**DATASET:**
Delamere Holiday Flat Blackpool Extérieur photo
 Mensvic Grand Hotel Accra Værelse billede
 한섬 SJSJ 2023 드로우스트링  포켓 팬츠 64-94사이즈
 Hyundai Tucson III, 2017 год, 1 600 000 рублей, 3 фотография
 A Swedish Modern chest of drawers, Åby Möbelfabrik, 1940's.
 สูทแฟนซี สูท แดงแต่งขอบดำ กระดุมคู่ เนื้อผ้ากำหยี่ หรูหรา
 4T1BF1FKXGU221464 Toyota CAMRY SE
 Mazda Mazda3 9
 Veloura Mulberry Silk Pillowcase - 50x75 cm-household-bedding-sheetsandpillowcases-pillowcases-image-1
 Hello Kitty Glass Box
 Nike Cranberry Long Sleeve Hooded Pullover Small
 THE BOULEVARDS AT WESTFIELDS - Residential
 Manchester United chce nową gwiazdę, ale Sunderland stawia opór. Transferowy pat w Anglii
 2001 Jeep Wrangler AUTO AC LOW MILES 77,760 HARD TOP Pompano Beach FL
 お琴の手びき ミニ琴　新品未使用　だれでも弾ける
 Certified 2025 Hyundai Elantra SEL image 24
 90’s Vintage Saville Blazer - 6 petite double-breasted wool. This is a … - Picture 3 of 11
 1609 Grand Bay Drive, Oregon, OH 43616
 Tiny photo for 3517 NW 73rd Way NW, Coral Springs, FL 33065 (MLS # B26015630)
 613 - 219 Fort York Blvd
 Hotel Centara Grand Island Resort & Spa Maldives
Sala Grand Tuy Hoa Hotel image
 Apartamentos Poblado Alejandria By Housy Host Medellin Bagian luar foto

**YOUR INSTRUCTIONS:** Return every line above in which the string "image" occurs.

**ANSWER AREA:**
 Veloura Mulberry Silk Pillowcase - 50x75 cm-household-bedding-sheetsandpillowcases-pillowcases-image-1
 Certified 2025 Hyundai Elantra SEL image 24
Sala Grand Tuy Hoa Hotel image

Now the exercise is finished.